PerspecTIFF - A CHARACTERISTIC OF ROMANIAN CINEMA
OR, WHERE DOES RUDENESS COME FROM?
Jay Weissberg
Two nights ago, the Jameson party: I’m standing at the bar like some poor schnook, watching all the people deliberately ignoring the fact that I’ve been waiting to catch the bartender’s eye. With attention-getting gestures and forward leans against the counter, they get served first, no doubt figuring that if I’m bad at playing the game, why should they do the polite thing and notice who’s ahead of them? It will happen at the HBO Party too, and basically every party – you get used to these sorts of things. But it started me musing on one of the major themes in Romanian cinema: how people treat other human beings.
Don’t think I’m suggesting it’s primarily a Romanian thing to push to the front at bars – it was an international crowd at the party, and whether you’re at some chic watering hole in Cairo or a dive in Los Angeles, the behavior is all the same. I’m just using the experience to make a wild extrapolation (or an attention-getting introduction – you decide which), but it’s an unavoidable fact, and one of the more underreported characteristics of Romanian cinema, that this country’s films frequently deal with how people treat those they don’t know as “the other.” Personally, as a semi-frequent visitor, I haven’t noticed that Romania is much different in this way than, say, parts of the U.S., or France, but I’m assuming that’s because I don’t live here.
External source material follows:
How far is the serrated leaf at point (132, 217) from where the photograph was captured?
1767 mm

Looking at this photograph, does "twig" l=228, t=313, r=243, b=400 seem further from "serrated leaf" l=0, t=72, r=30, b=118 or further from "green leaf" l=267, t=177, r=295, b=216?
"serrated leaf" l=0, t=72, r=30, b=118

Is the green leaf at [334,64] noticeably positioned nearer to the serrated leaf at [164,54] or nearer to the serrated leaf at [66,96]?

Yet look at the films: The Death of Mr. Lazarescu, with everyone blithely unconcerned that a life is expiring right in front of them. 4 Months, 3 Weeks, 2 Days, with privileged so-called intelligentsia treating Otilia like a country bumpkin who’s barely at their table. The Happiest Girl in the World, where the hapless protagonist is bombarded with the foulest language. Police, adjective, where the lead is reduced to insignificance by his rigid superior. These are random titles from the last decade, but the theme is strikingly clear: people look out only for themselves, behaving in shockingly insensitive ways to those around them.
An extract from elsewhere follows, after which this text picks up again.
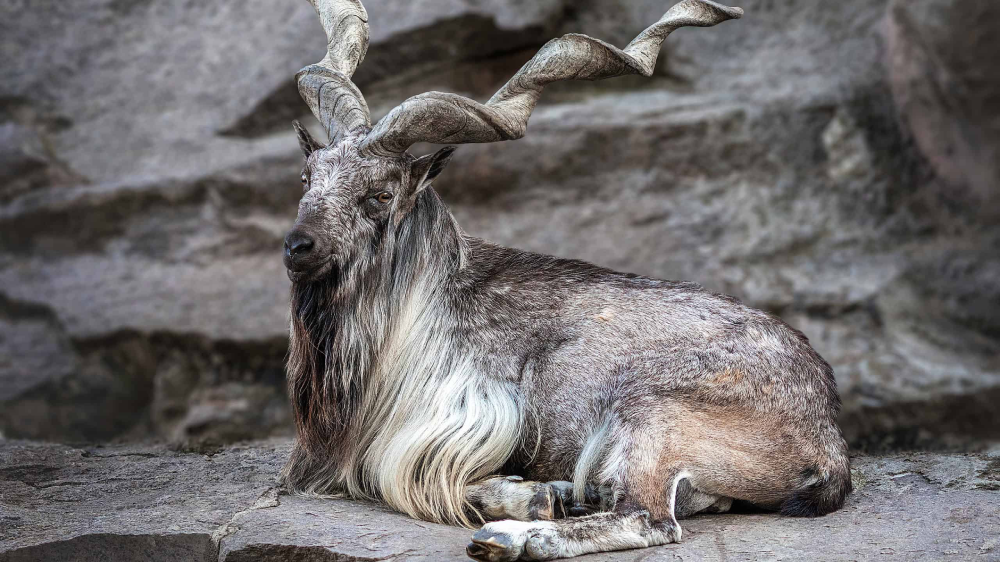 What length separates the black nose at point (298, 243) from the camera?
452 cm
Many viewers, myself included, ascribed this universal mistreatment to the effects of the country’s communist past, when the secret service fostered an aura of mistrust, tens of thousands were recruited as informers, and the only way to grab onto any rare privilege was to ensure no one else got the same opportunity. Look at some of the films playing at TIFF this edition, and you see the topic remains potent: among the shorts, there’s Scor Alb (Tie) and Black Friday (the latter with a passing thematic hint of Crist Puiu’s Aurora). Among the features, Radu Muntean’s Un etaj mai jos (One Floor Below) sees a decent man used to manipulating “the system” wondering whether to turn in a murderer, and act in the interests of the common good, or keep his mouth shut and (hopefully) protect himself and his family.
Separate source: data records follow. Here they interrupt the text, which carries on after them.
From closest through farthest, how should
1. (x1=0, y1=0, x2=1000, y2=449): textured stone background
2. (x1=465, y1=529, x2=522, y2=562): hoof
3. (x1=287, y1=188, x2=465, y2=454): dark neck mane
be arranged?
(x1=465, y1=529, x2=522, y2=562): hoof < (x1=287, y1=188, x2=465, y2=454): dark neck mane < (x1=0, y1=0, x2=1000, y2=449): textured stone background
One of the most cogent demonstrations of the theme is Radu Jude’s Aferim!, which won the Silver Bear in Berlin this year and premieres at TIFF Friday evening. Yet the film is set in 1835, long before the coming of communism. Here, a bounty hunter tracks down a runaway Roma slave, and Jude uses this historical episode to force local audiences to question where this apparent national characteristic comes from. Are its roots in the Securitate’s crushing spy networks, or do they spring from a much earlier period, when a segment of the population was bought and sold and anyone thought of as “different” was subjected to shocking ill-treatment? As far as I’m aware, Jude is the only director to look beyond the last sixty years to ask tough questions about the origins of the Romanian psyche, and the debate he generates should provide fodder for discussion to last far into the coming nights and beyond. So when you’re impatiently waiting for your next drink at the bar, strike up a conversation with that guy who just pushed his way in front of you, and ask: where does rudeness come from?